Top of Source records

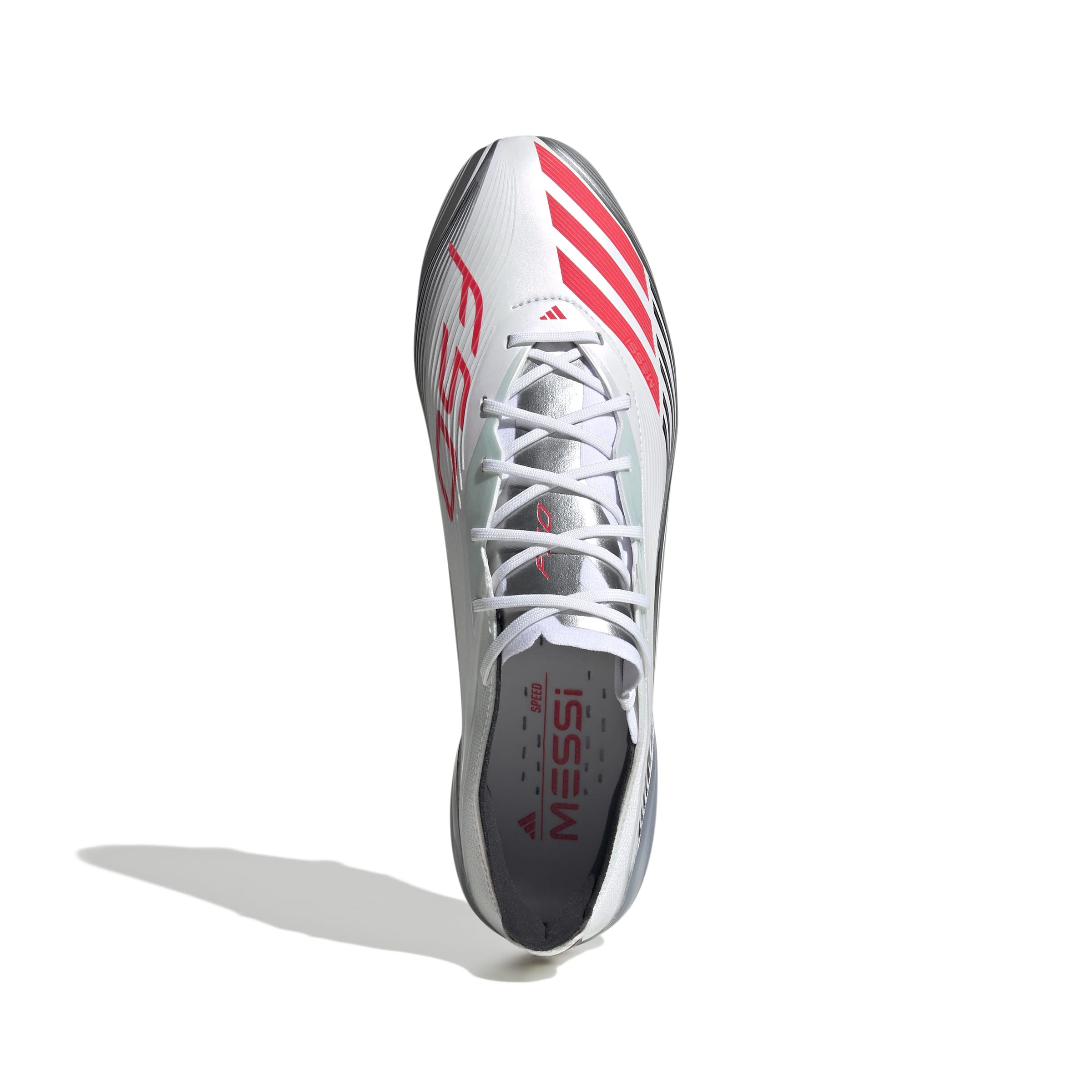 adidas F50 Messi Elite Firm Ground Soccer Cleats- White/Red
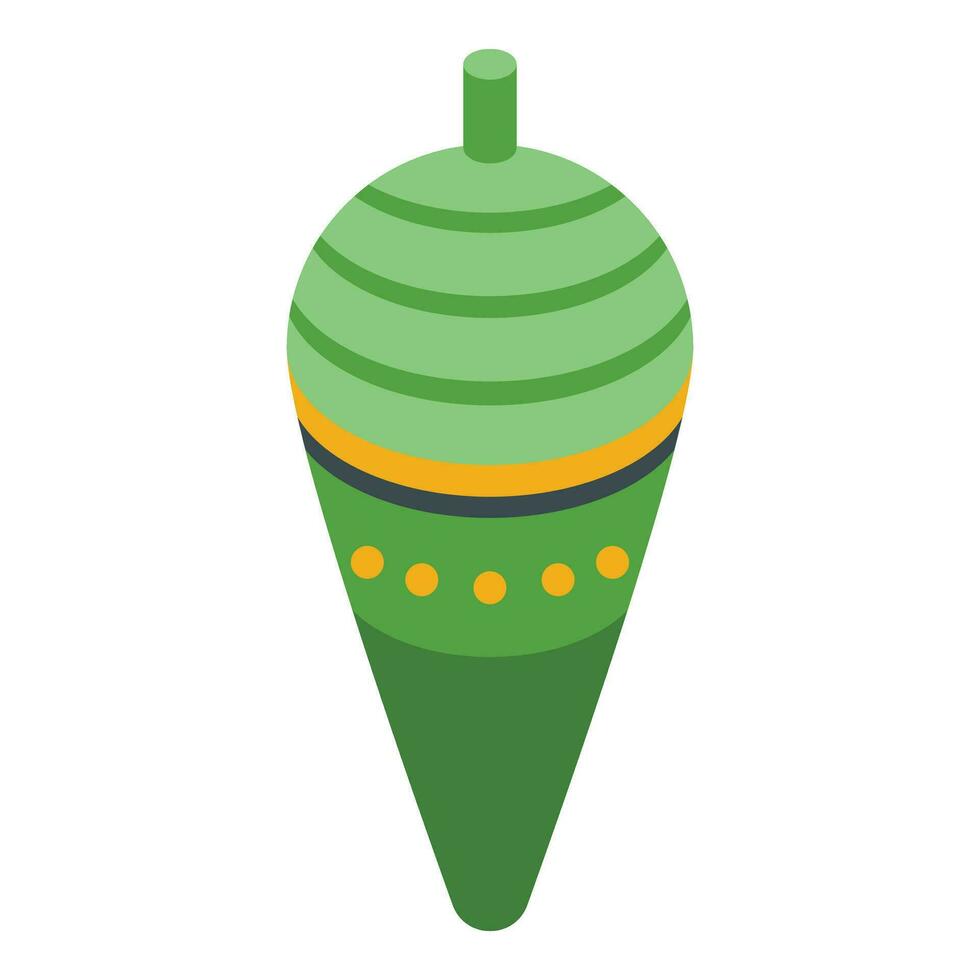 Green cocoon insect icon isometric vector. Moth cute leaf vector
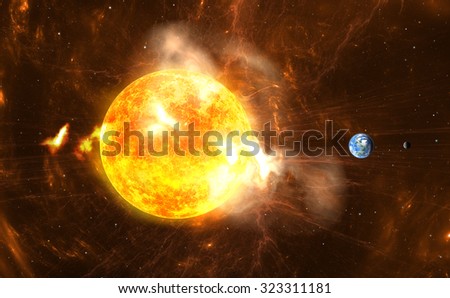 Giant Solar Flares. Sun producing super-storms and massive radiation bursts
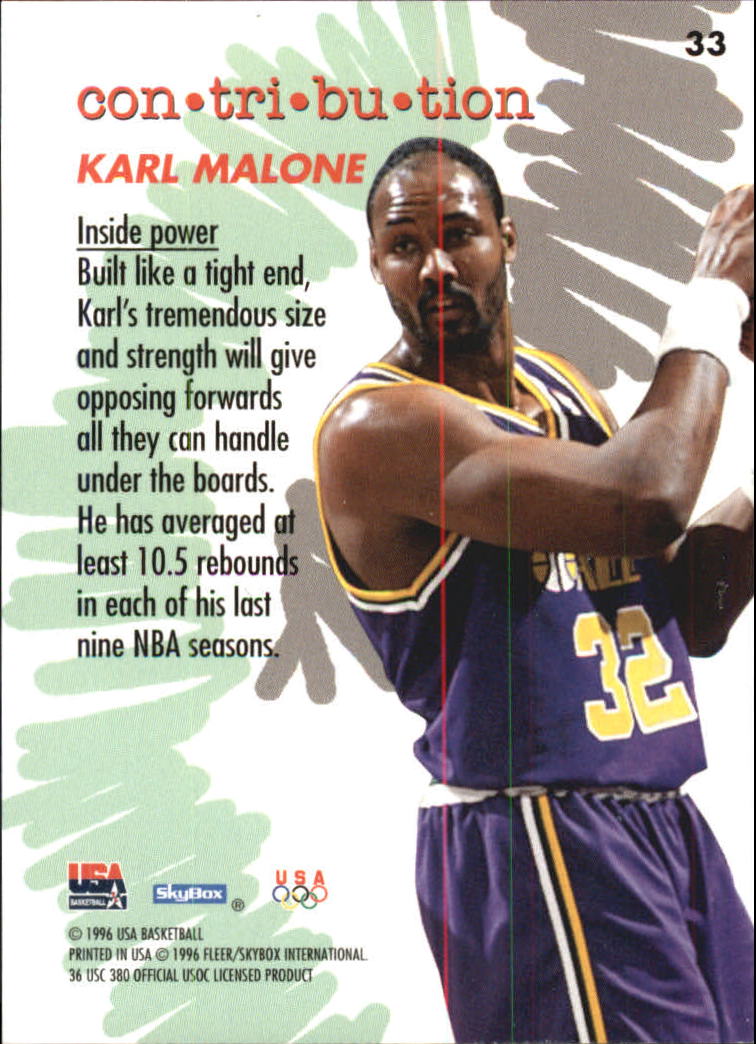 1996 SkyBox USA #33 Karl Malone back image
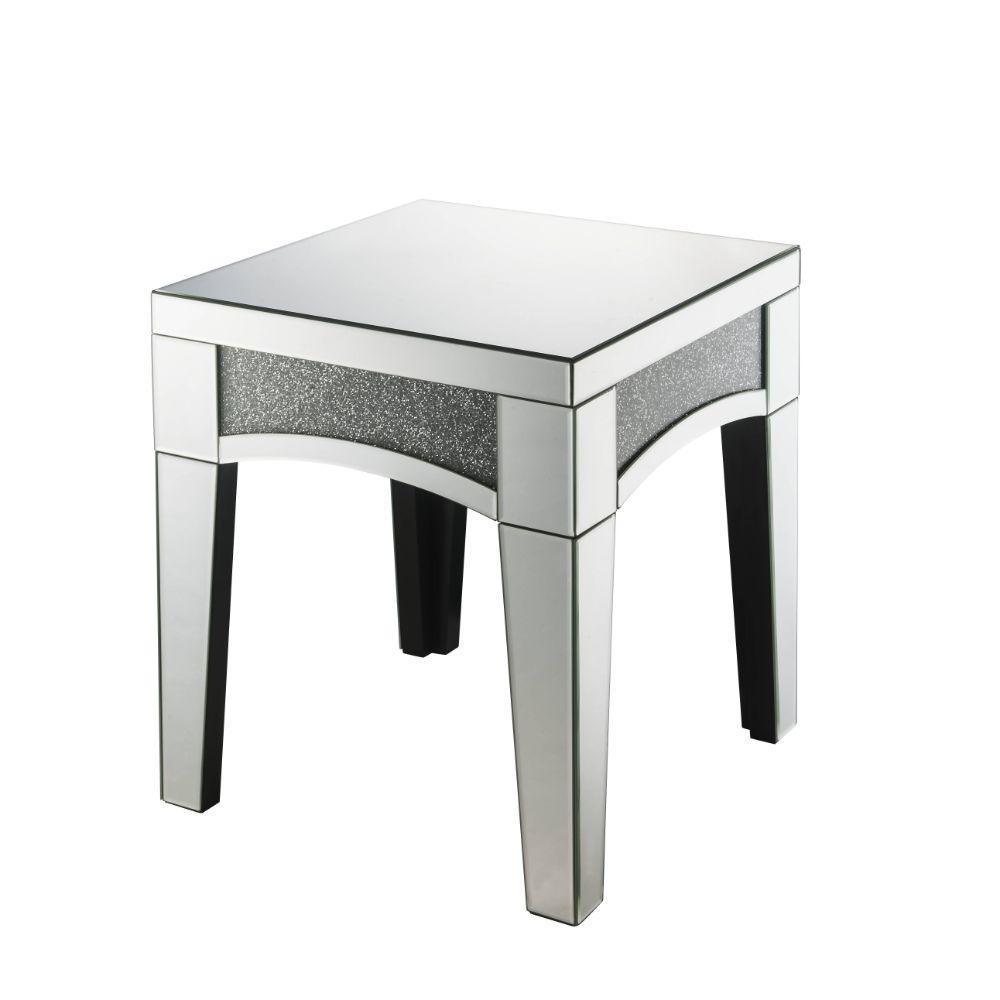 ACME Nowles End Table, Mirrored & Faux Stones FredCo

Bottom of Source records

What is being asked: Exactly as they appear above, write out all the entries, but not the images.

Answer:
 adidas F50 Messi Elite Firm Ground Soccer Cleats- White/Red
 Green cocoon insect icon isometric vector. Moth cute leaf vector
 Giant Solar Flares. Sun producing super-storms and massive radiation bursts
 1996 SkyBox USA #33 Karl Malone back image
 ACME Nowles End Table, Mirrored & Faux Stones FredCo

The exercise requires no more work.